City Journal

Guy Sorman
Wild Randomness
Traditional economics has failed to grasp the complexity and dynamism of financial markets.
Summer 2009
Columbia University's Rama Cont is at the cutting edge of the new field of financial modeling.
Photograph by Harvey Wang
Columbia University’s Rama Cont is at the cutting edge of the new field of financial modeling.

In the summer of 2008, wheat and corn prices shot up across the globe. Pundits provided seemingly convincing explanations: grain was becoming scarce and thus more expensive because mainland Chinese were changing their eating habits and needed lots of it to feed their cattle—or perhaps because fear of oil shortages, combined with ecological fads, was leading consumers to adopt corn-based ethanol. Yet one year later, the Chinese are eating basically the same food as last year (feeding habits change very slowly), ethanol production is more or less at the same level, but the price of grain and corn on the Chicago market is back down again. How to explain the volatility of prices when production levels remain essentially the same?

The reason: grain or corn prices may at any point in time be driven more by speculation than by actual harvests. The rule applies to all transactions on financial markets, including oil, stocks, and derivatives. This is one of many examples that Rama Cont offers to describe how the real economy and the financial markets follow different rationales. In the short term—which can mean several years, in practice—the connection can be tenuous at best and difficult to model. If the connection were closer, Cont would know: he is at the forefront of the new science of financial modeling.

Finance itself is a relatively young field of research in which data have been available in large quantities only over the last 20 years. Thanks to electronic trading, it is now possible to quantify and analyze the fluctuations of financial markets on a large scale, but much interdisciplinary expertise is necessary to make headway in understanding it all.

In fact, Cont, an associate professor at Columbia University, conducts his research not in the economics department but in the School of Engineering and Applied Science. “My background is in theoretical physics,” he tells me. He discovered economics by accident while studying in Paris, where he emigrated from Tehran in 1987. “When I first became interested in economics, I was surprised by the deductive, rather than inductive, approach of many economists,” he says. Whereas in physics, researchers tend to observe empirical data and then build a theory to explain their observations, “many economic studies typically start with a theory and eventually attempt to fit the data to their model.” Such an approach might have been justifiable when financial and economic data were scarce, he believes, but with today’s wealth of information it is no longer acceptable.

Traditional economics, Cont argues, has failed to grasp the complexity and dynamic nature of financial markets. This outlook leads him to a distinctive interpretation of the current financial crisis. While the mainstream view explains the crisis by a lack of regulation, Cont believes that misguided regulations, often applied by not-too-smart regulators, were also a major factor. “Bear Stearns was perfectly compliant with regulations on the eve of its bankruptcy,” he observes. It had strictly followed the international banking rules imposed by the so-called Basel II Convention and, in fact, held $2 billion in excess of the amount of capital that the convention required for the bank to weather a major shock. But that capital, the regulations say, can consist of assets, such as bonds or shares, that aren’t liquid—that is, they have a market value but aren’t cash. In a panic situation, a bank needs cash to pay its creditors, and when confronted about its debts, Bear Stearns had only illiquid assets and no time to sell them. The bank went under the next day. The regulation seemed cleverly designed, Cont says, but proved useless in a real-life situation.

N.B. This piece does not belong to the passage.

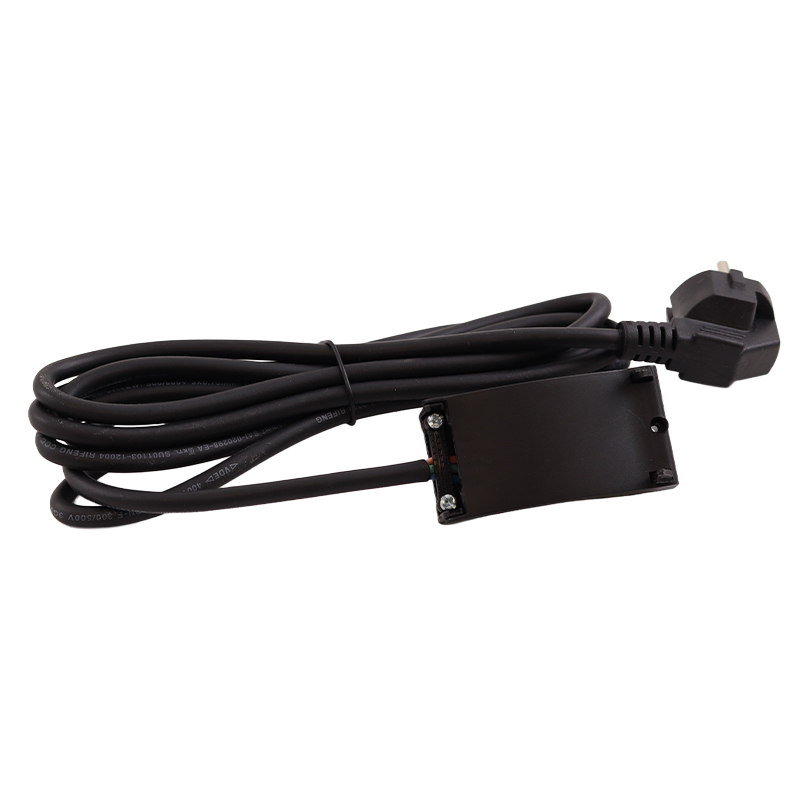 Olucia Connect kabel 2 m met EU stekker en verbindingsdoos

Why did the demise of Lehman Brothers generate worldwide financial turmoil? Again, Cont believes, existing regulations were at fault. As Lehman liquidated its portfolio, he explains, it sold off large quantities of stock, pushing overall stock prices down. This resulted in losses for other banks and increased the risk of their portfolios. To comply with Basel II regulations, these banks then had to reduce that risk by cutting back lending and by selling assets. They did both, bringing the stock exchange to its knees and drying up global credit.

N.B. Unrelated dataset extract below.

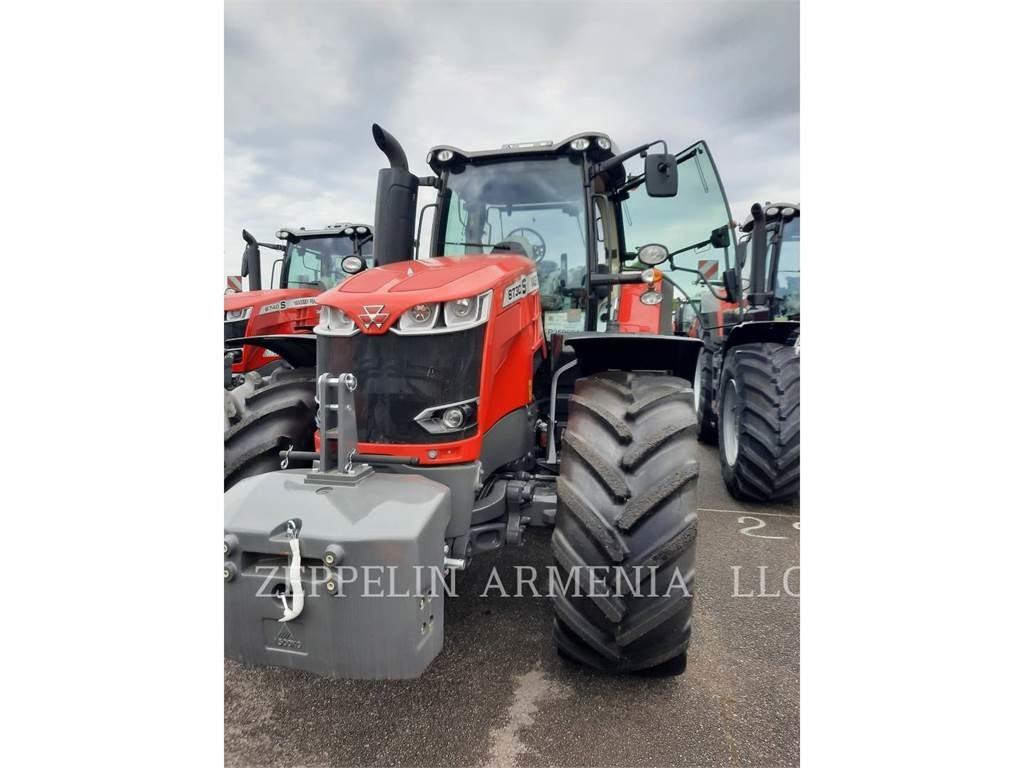 Massey Ferguson 8730S Tractoare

Does Cont’s indictment of poorly designed regulations mean that he holds Wall Street bankers blameless? No: the bankers were greedy, he charges—though “greed in itself is not a new phenomenon.” But the Wall Street bonus system, as everyone knows by now, institutionalized that greed by compensating high short-term returns, so that traders and managers had an incentive to take more—and more dangerous—risks. That risk-taking, Cont says, should have been balanced by countervailing forces, such as boards of directors that, in theory, would represent the long-term interests of the banks and their shareholders. But Wall Street bank boards tended to have little say in the day-to-day management of the companies.

Nor did other countervailing forces intercede. Every bank had a risk-management unit, Cont points out, but the risk manager usually wasn’t a major figure, and the quantitative analysts in the risk units typically had little influence on major bank decisions. “Everybody knows the names of the CEOs of major investment banks,” he says. “But who has ever heard of the Chief Risk Officer of these institutions?”

Less sophisticated investors—fund managers and sovereign funds—relied on rating agencies for guidance, but didn’t get good advice, to say the least. The agencies—Moody’s, Standard and Poor’s, Fitch—utterly failed to anticipate the huge risks in the subprime market. “Either they truly ignored the risk of a fall in the housing market or they pretended everything was fine, in order to sustain the bubble and profit from it while it lasted,” says Cont. Ignorance probably played the larger role, he thinks. Rating agencies, like investors and regulators, rely on relatively simple models to forecast the risk associated with future market movements. Those models often assume a “mild randomness” of market fluctuations. In reality, Cont argues, what visionary mathematician Benoît Mandelbrot calls “wild randomness” prevails: risk is concentrated in a few rare, hard-to-predict, but extreme, market events (see sidebar).

Simple forecasts can also be mistaken if they fail to account for the actions of market participants themselves: investor strategies can influence prices, which in turn influence future strategies in a feedback loop that can cause considerable instability. Cont recalls the severe stock-market crash of October 1987, which seemed to strike out of the blue, since nothing significant was happening in the real economy. Subsequent research, though, blamed the crash in part on a new investment strategy, “portfolio insurance,” which a large number of fund managers had simultaneously adopted. Based on the famous Black-Scholes options-pricing model, this strategy recommended that fund managers reduce their risks by automatically selling shares whenever their values fell. But the approach didn’t take into account what would happen if many investors followed it simultaneously: a massive sell-off that could send the market plummeting. The 1987 crash was thus not provoked by events in the real economy but by a supposedly smart risk-management strategy—and the current downturn, of course, also derives at least partly from a global craze for a seemingly foolproof financial innovation.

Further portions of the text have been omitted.